Try it:
Keep to one stretch of the data below, the lines from the one with "Kiss - Kissology: The" up to and including the one with "手机qq音乐播放界面怎么设置", and return that stretch exactly.

Extracted material:
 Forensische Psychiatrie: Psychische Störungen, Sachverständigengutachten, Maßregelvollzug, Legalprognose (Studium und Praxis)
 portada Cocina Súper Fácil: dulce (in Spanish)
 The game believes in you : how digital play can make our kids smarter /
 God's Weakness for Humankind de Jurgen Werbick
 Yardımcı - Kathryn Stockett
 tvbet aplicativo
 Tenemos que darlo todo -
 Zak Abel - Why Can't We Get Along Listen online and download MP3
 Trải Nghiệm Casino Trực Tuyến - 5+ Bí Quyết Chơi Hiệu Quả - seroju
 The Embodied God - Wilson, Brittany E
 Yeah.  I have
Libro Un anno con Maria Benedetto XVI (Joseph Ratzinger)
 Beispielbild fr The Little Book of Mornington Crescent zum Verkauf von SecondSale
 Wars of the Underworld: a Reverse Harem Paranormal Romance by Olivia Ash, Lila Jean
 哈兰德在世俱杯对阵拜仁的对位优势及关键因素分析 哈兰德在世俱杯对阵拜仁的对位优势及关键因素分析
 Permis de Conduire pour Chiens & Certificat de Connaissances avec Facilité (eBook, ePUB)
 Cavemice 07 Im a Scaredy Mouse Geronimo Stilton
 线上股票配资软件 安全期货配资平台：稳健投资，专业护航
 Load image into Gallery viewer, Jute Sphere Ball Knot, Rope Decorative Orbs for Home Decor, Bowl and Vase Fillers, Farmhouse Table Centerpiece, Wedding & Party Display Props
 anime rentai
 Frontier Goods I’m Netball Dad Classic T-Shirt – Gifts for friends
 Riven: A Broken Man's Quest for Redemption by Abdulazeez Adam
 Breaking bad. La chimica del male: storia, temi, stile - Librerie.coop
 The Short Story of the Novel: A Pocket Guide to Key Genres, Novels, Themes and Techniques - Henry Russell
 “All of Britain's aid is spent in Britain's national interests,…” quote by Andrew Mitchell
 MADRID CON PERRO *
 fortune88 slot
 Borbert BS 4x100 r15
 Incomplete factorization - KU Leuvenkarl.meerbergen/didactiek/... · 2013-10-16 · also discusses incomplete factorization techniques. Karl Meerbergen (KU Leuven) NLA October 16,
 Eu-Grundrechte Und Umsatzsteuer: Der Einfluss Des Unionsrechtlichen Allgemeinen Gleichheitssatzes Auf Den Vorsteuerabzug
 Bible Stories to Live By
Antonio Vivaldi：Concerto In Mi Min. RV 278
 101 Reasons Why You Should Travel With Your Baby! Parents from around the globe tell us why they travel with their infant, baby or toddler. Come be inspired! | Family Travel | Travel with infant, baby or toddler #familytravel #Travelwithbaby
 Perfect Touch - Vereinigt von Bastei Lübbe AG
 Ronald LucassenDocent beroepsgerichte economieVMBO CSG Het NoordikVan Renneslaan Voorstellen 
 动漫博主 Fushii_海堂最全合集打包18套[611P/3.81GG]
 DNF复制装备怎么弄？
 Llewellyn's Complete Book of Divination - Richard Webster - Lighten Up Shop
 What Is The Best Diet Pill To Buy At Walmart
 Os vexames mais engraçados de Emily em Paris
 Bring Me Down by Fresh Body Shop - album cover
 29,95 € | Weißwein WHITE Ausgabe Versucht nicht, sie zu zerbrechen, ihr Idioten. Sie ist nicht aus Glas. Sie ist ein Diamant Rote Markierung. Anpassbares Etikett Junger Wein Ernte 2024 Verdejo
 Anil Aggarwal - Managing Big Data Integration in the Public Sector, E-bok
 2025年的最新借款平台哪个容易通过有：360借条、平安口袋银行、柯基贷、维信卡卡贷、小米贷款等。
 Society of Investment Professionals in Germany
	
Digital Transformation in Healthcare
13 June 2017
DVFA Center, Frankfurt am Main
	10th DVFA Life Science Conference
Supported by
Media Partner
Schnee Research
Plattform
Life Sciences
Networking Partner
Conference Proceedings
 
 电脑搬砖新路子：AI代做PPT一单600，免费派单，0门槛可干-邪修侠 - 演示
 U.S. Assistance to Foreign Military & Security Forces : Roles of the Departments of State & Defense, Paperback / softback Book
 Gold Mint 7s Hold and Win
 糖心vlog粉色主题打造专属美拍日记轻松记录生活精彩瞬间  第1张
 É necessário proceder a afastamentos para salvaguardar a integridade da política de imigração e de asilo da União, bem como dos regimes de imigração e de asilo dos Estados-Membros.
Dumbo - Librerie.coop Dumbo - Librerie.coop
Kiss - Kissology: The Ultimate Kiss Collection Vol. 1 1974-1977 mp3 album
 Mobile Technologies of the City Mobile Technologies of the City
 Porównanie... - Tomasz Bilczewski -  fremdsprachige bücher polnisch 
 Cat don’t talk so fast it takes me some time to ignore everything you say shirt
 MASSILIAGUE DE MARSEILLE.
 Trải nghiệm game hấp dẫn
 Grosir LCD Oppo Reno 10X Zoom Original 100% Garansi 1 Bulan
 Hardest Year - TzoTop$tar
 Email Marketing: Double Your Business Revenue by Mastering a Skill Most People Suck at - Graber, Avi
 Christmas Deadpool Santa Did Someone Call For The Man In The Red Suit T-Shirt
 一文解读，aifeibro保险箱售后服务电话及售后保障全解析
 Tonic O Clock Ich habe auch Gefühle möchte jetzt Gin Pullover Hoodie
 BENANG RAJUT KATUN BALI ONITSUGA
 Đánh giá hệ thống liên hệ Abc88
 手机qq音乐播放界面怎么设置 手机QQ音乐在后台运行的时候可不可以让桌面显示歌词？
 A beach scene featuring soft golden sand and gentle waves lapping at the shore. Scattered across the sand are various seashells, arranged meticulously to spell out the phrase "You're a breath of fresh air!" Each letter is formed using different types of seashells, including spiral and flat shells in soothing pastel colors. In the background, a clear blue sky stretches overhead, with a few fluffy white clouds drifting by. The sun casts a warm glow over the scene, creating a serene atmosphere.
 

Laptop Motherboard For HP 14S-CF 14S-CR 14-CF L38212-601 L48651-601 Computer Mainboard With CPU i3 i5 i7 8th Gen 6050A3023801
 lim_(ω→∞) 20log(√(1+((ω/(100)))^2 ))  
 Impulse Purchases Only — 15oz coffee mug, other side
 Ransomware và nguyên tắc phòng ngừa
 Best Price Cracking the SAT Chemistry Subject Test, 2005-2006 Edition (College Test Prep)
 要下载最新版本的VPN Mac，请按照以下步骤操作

Exercise output:
Kiss - Kissology: The Ultimate Kiss Collection Vol. 1 1974-1977 mp3 album
 Mobile Technologies of the City Mobile Technologies of the City
 Porównanie... - Tomasz Bilczewski -  fremdsprachige bücher polnisch 
 Cat don’t talk so fast it takes me some time to ignore everything you say shirt
 MASSILIAGUE DE MARSEILLE.
 Trải nghiệm game hấp dẫn
 Grosir LCD Oppo Reno 10X Zoom Original 100% Garansi 1 Bulan
 Hardest Year - TzoTop$tar
 Email Marketing: Double Your Business Revenue by Mastering a Skill Most People Suck at - Graber, Avi
 Christmas Deadpool Santa Did Someone Call For The Man In The Red Suit T-Shirt
 一文解读，aifeibro保险箱售后服务电话及售后保障全解析
 Tonic O Clock Ich habe auch Gefühle möchte jetzt Gin Pullover Hoodie
 BENANG RAJUT KATUN BALI ONITSUGA
 Đánh giá hệ thống liên hệ Abc88
 手机qq音乐播放界面怎么设置 手机QQ音乐在后台运行的时候可不可以让桌面显示歌词？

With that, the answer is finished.